This lab is not messy, but since you will be burning food, it is best to conduct the activity in a well-ventilated area or outdoors.
SAFETY IS KEY:
You’ll need an adult to supervise this lab. You will be puncturing an aluminum can and using fire. Use goggles, an oven mitt to handle the cans, and be very careful.
MATERIALS
→ can opener
→ empty, clean aluminum drink can
→ empty, clean metal coffee can
→ sharp scissors and/or screwdriver
→ 2 metal skewers
→ water
→ glass thermometer or candy thermometer (a digital thermometer will not work)
→ metal paper clip
→ cork
→ potato chip, cheese curl, or similar snack food
→ long-handled lighter
1. Using the can opener, make sure the larger can is completely open at the top and the bottom.
2. Using the scissors and/or the screwdriver, carefully make four holes in the sides of the aluminum drink can, 1/2" (1.3 cm) from the top edge (fig. 1). The holes should be evenly spaced and directly across from one another.
Fig. 1: Carefully make four holes in the sides of the drink can.
3. Slide one metal skewer into one hole and out of the hole across from it. Slide the other skewer through the other hole and out the opposite side (fig. 2). The skewers should cross each other in the middle.
Fig. 2: Slide a skewer into one hole and out the hole across from it.
4. Place the larger can on a flat surface. Place the smaller can inside, making sure the skewers rest on the top edges of the larger can and that there is space between the bottom of the aluminum can and the flat surface to place the cork.
5. Pour 1/2 cup (118 ml) of water into the aluminum can through the hole in the top. Insert the thermometer in the can and take a temperature reading (fig. 3).
Fig. 3: Insert the thermometer in the can and take a reading.
6. Make sure your cork will fit under the cans in your set-up. Cut the cork down if needed or lay it on its side. Partially open a paper clip and insert the straight end into the piece of cork (fig. 4). Leave a flat surface at the opposite end of the paper clip. This end of the paper clip will act as a stand on which to place the food you will burn.

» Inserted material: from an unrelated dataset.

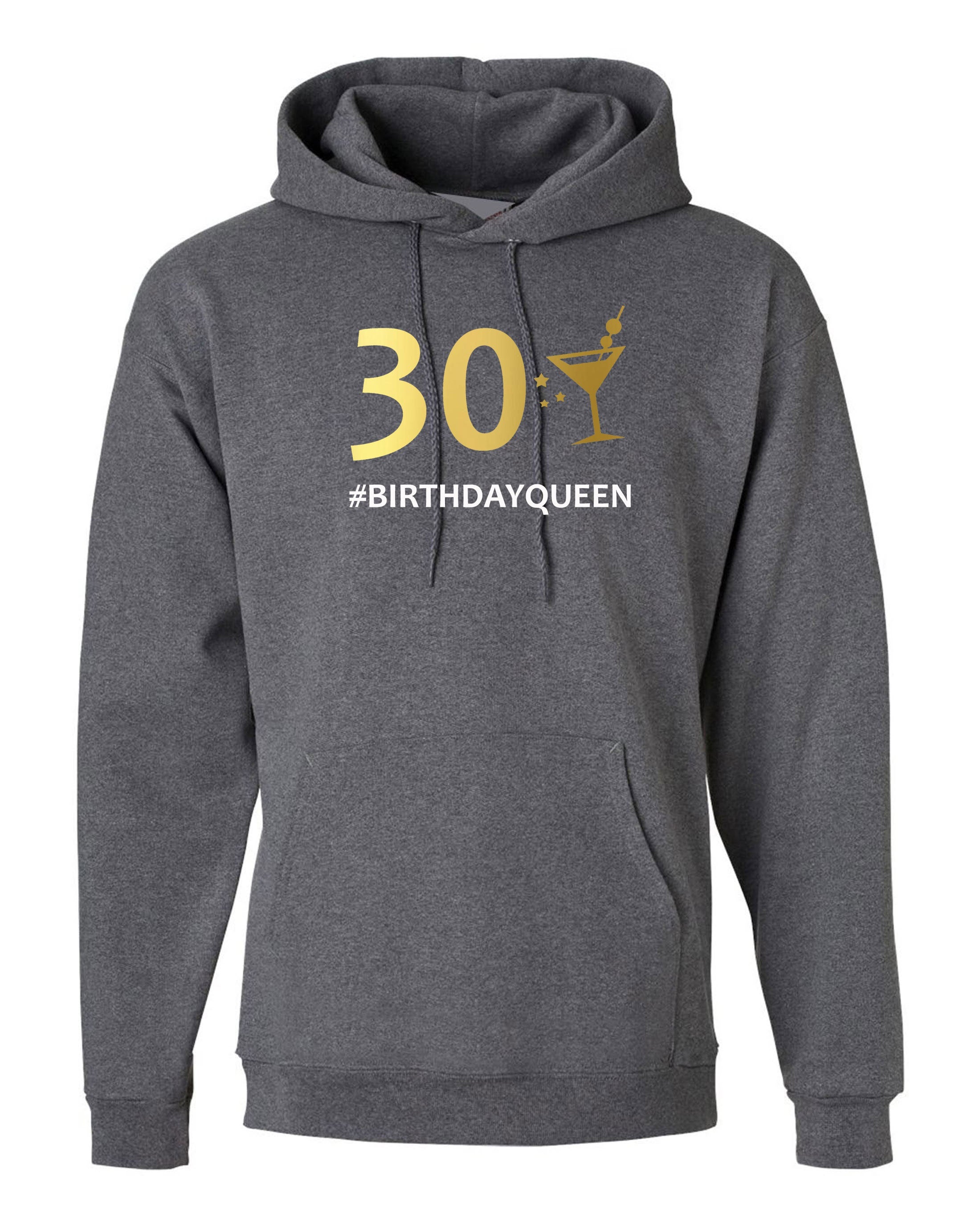 Ladies 30 Birthday Queen Hoodie Hoody Hood Hooded Funny 30th Birthday 1991 Sister Party Gift Top Customised personalized Date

Fig. 4: Open a paper clip and insert the straight end into the piece of cork.
7. Remove the small can from the larger can and keep it close by. Place the cork in the center of the larger can and rest or balance one snack item on the paper clip on top of it. Unfold or adjust the clip to help keep the food from moving. Spear the food, if you must (fig. 5)!
Fig. 5: Balance or spear the food onto the end of the paper clip.
8. Ask a partner to hold the aluminum drink can nearby as you light the food on fire (fig. 6). As soon as you light the food, place the smaller can down into the large can, so it is resting as it did before, but just above the burning food (fig. 7). Allow the food to burn completely, and then stir the water and examine how the temperature of the water changed (fig. 8). Why did it change? Would a different piece of food produce different results?
Fig. 6: Ask a partner to hold the drink can while you light the food.
Fig. 7: Place the smaller can down into the large can.
Fig. 8: Allow the food to burn completely.
Now Try This!
Figure out how many calories were in your food! A simple equation for calories = volume of water (in ml) × temperature change (in degrees C). You started with 118 ml of water. Multiply by the temperature change, and that should roughly equal the number of calories in the item burned!
Try comparing it to the nutrition labels and try it with different foods.